Now that we understand how packets are built and routed, it is time to explore how PCI Express meticulously manages traffic. In Lecture 7, we are exploring Flow Control Concepts and how PCIe prevents traffic jams on the Link.
The Problem with Legacy Buses
In older parallel bus architectures like PCI, transactions were attempted blindly, without the transmitter knowing if the target device actually had the space to handle the data. If the receiver lacked sufficient buffer space, the request was rejected and the transaction had to be repeatedly retried until it completed. This “Delayed Transaction Model” suffered from extremely poor efficiency due to constant disconnects, retries, and wait-states.
The PCIe Solution: Credit-Based Flow Control
PCI Express solves this issue by implementing a strict credit-based flow control mechanism at both ends of every Link.
The golden rule of PCIe flow control is simple: transmitters never send Transaction Layer Packets (TLPs) that a receiver cannot accept. This perfectly prevents receive buffer over-runs and completely eliminates the need for legacy inefficiencies.
Here is how the credit system works:
- Initialization: Buffer space is quantified in units called Flow Control credits. During initialization, each receiver explicitly “advertises” the size of its buffers to the transmitter on the opposite end of the Link.
- Runtime Updates: During normal operation, the receiver regularly updates its neighbor about how many credits are currently available. It does this by sending specific Link maintenance packets called Flow Control Data Link Layer Packets (DLLPs).
- Low Overhead: To ensure these continuous updates do not drag down system performance, Flow Control DLLPs are kept extremely small, always consisting of exactly 8 symbols.
A Shared Responsibility
Executing flow control requires seamless teamwork between two of the PCIe protocol layers:
- The Transaction Layer contains the physical Flow Control buffers and the hardware counters that track the credits.
- The Data Link Layer is responsible for continuously sending and receiving the DLLPs that carry the credit updates back and forth.
Because of this coordination, before a transmitter can send a TLP, it checks its Flow Control Counters. If sufficient credits are available, the packet is forwarded to the Data Link Layer. If the receiver does not have the room, the transaction is blocked and held until a new Flow Control DLLP arrives showing available space.

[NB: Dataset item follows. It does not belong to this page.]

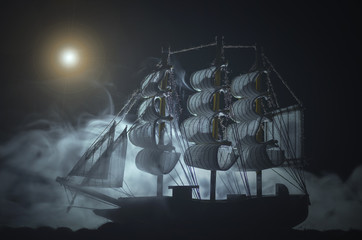 Pirate ghost ship in a night smoky sea background.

Multiplying Efficiency with Virtual Channels (VCs)
Flow control mechanisms can vastly improve overall transmission efficiency if multiple Virtual Channels (VCs) are utilized.
PCIe supports up to 8 independent Virtual Channels (VC0 through VC7). Because flow control buffers are maintained separately for each individual VC, the channels operate independently. This means that a full Flow Control buffer causing a block in one VC will absolutely not block access to other VC buffers.